We are also pleased to feature Sharif El Gammal-Ortiz’s review of the recent documentary Poetry is an Island, creative non-fiction by Danielle Bainbridge, and a brief interview with British Virgin Islands artist Aragorn Dick-Read, who shares both the philosophy behind his striking metalwork as well as some hints regarding his next major project.

And some great news! Moko Co-Founder Richard Georges had the honour of being a finalist for the Hollick Arvon Prize this year! We have been awestruck by the poetry of the other finalists – especially Elliot Bastien, Shivanee Ramlochan, and the very deserving winner Danielle Boodoo-Fortuné, who we had the privilege of publishing in our very first issue. For now, we will content ourselves with anticipating first books by all the finalists! Speaking of first books, the young and effervescent Vladimir Lucien and his debut Sounding Ground has been a revelation, and the OCM Bocas judges felt similarly. Congratulations to all.

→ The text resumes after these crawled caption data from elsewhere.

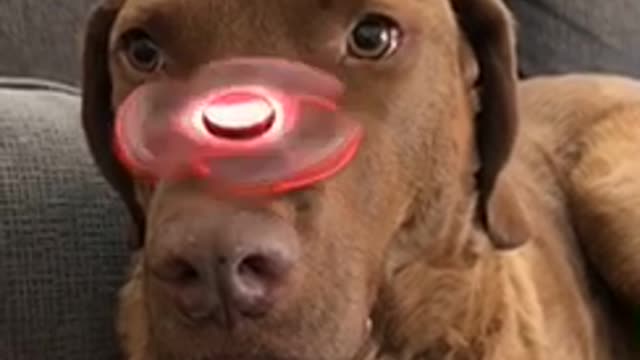 Brown dog with red fidget spinner on nose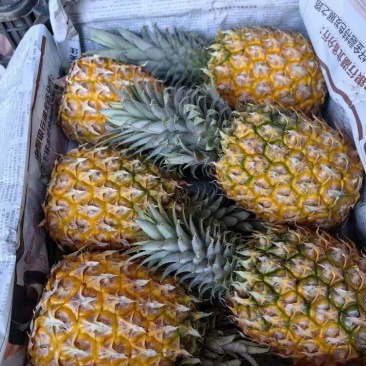 海南菠萝、凤梨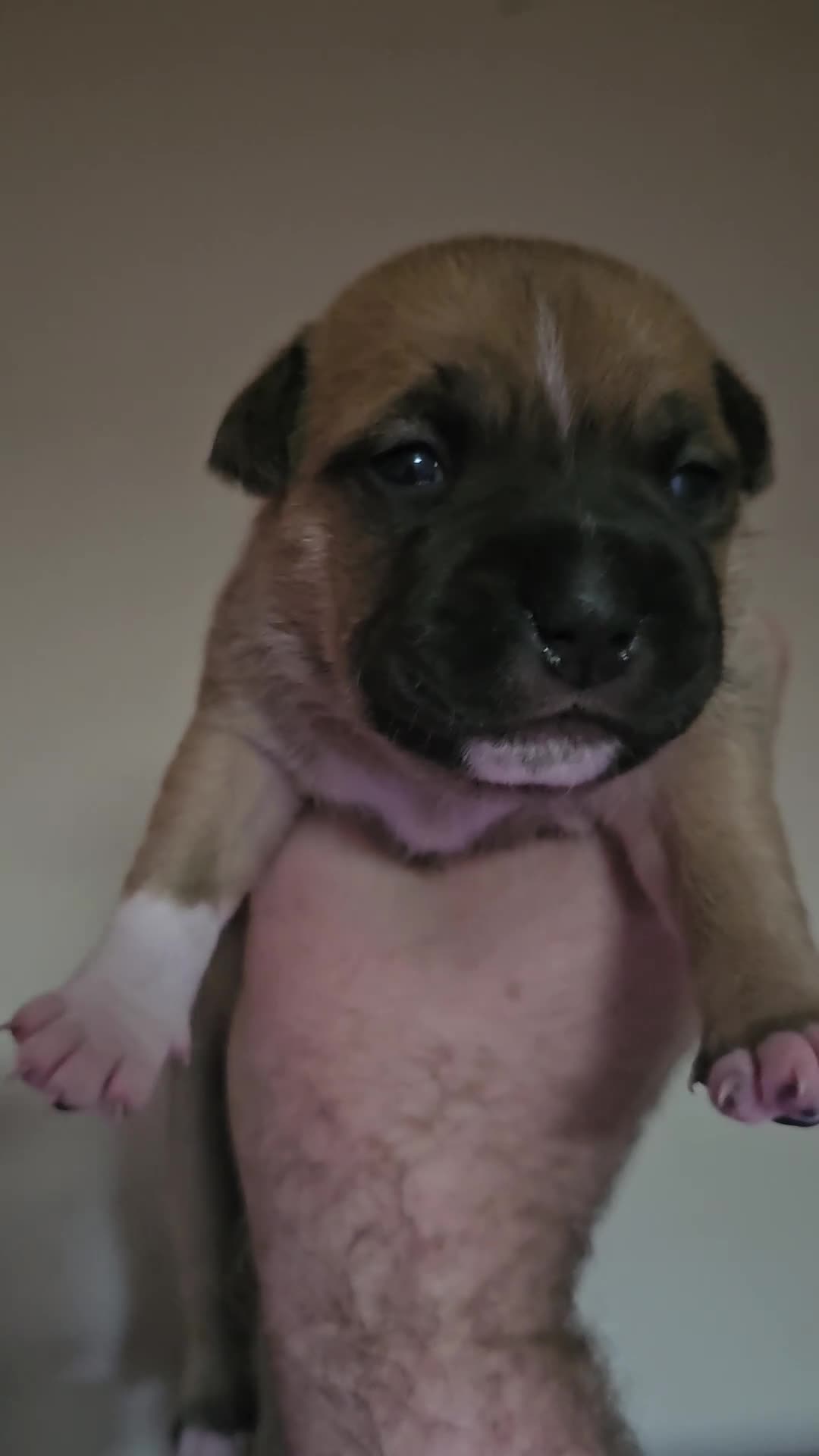 Staffordshire Bull Terrier dogs for sale: 🥨THE GOLDILOCKS LITTER 🥨 - Video 2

This labour of love continues to reward us and we hope Moko continues to bring some joy to you all. We remain open for submissions, and are pleased to announce that we will be welcoming two special guest editors for our next issue. A call for submissions for Issue 7 with more details will be posted next month.

– Richard and David.

 

Visual Art

Paintings by Carlos Estevez

“The moon not only brings about an essential cycle in our existence, but it also illuminates the deep corners of our minds. I hope to share my illuminated vision of life during a recent, particularly prolific period of my career.”

Collages by GA Gardner

“The result is now an explosion of information that is woven together by cultural lines and tells a story about how a group of people are identified, ignored, or celebrated in the media.”

Textiles by Aurora Molina

“Aurora Molina’s works are concerned with the objectivity of woman, presenting women as icons.  Her current work explores the passing of time and aging, and the great deal of importance celebrities play in our everyday life.”

Paintings by Niarus Walker

“The more I work on the series, the more the pieces take on a spiritual connotation as I delve deeper in to the media and the possibilities of meaning. How can a rusty piece of machinery become a spiritual symbol?”